Само выражение «Новый Завет» означает, что он нов не в отличие от Ветхого, а всегда нов. Он «Новый» в том смысле, что всегда будет таким, никогда не устареет, просто не может устареть. Не случайно в церковной латыни греческое словосочетание «Новый Завет» иногда переводится не просто как novum, но как novum et aeternum Testamentum, – новый и вечный. Для св. Иринея Лионского главной чертой христианства была его novitas, то есть его непременная новизна, его всегдашняя неожиданность.
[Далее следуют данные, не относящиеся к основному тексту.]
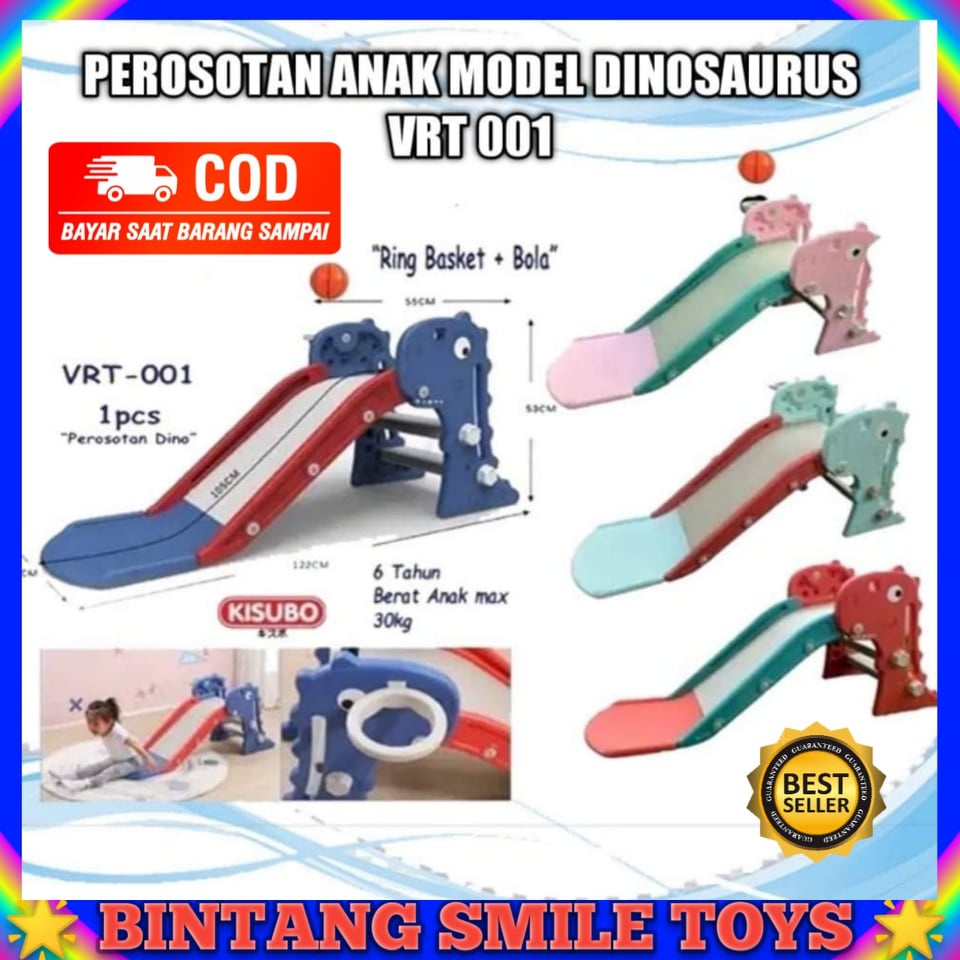 MAINAN ANAK PEROSOTAN DINOSAURUS PLUS RING BASKET VRT 001 DINO PROMO TERMURAH COD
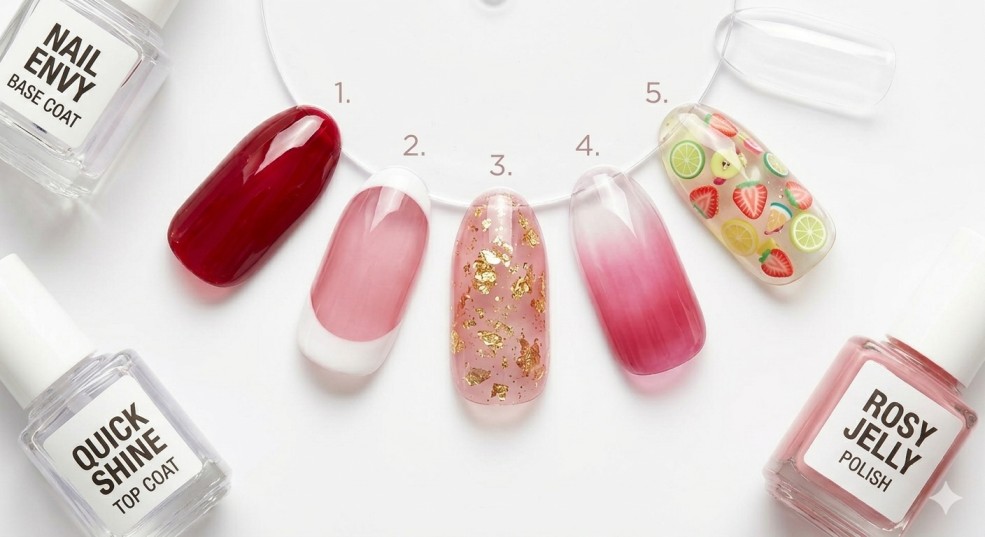 Creative jelly nail art designs including French tips foil sandwich and gradient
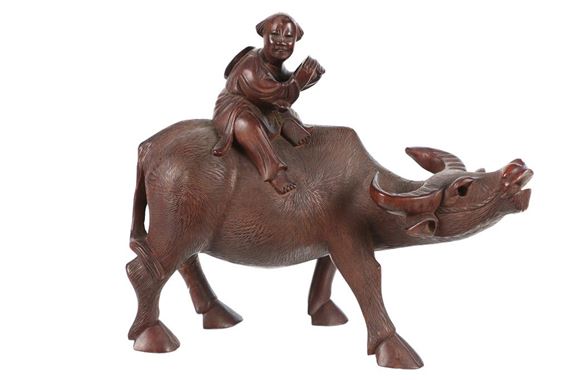 Chinese Hand Carved Wood Water Buffalo & Man by Chinese School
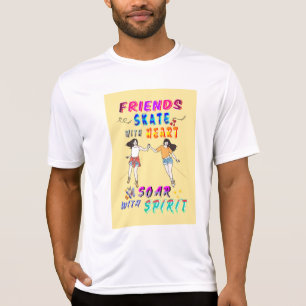 Camiseta Amigos Ativos Patinam Com Coração Voam Com Espírit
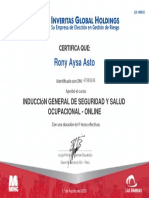 Rony Aysa Asto: Inducción General de Seguridad Y Salud Ocupacional - Online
Когда Иисус говорит нам: «Заповедь новую даю вам», Он совсем не хочет сказать, что этой заповеди не было прежде. Он подчеркивает другое, а именно, что она будет новой всегда. Вечная novitas христианства выражается прежде всего в том, что каждый из нас в какой-то момент своей собственной жизни встречается со Христом впервые, причем впервые не только в своей личной истории, но впервые в истории человечества. Законы механики открыты Ньютоном раз и навсегда. Открывать их снова и снова просто бессмысленно. С Богом всё обстоит по-другому. Его каждый открывает заново, и каждый открывает впервые. В том и заключается парадоксальность отношений между человечеством и Богом, что отношения с Ним у каждого и каждой из нас уникальны и неповторимы. В жизнь каждого Бог входит особо, особым, именно для этого человека уготованным путем. Он входит – и происходит встреча. Не случайно в Деяниях святых апостолов трижды рассказывается о том, как апостолу Павлу явился Иисус на дороге в Дамаск. Эта встреча с Воскресшим стала действительно главным событием в его жизни. В нашей жизни эта встреча или уже состоялась, или еще состоится. Причем касается это не только тех, кто обратился к Богу в зрелом возрасте, как св. Павел, но и тех, кто крестился во младенчестве и живет в Церкви с детства. И вот здесь встает самый трудный и в высшей степени важный вопрос: как понять, что Бог действительно нас коснулся, что встреча с Ним уже произошла, что сердце наше горит Богом, а не какой-то идеей, пусть даже самой лучшей.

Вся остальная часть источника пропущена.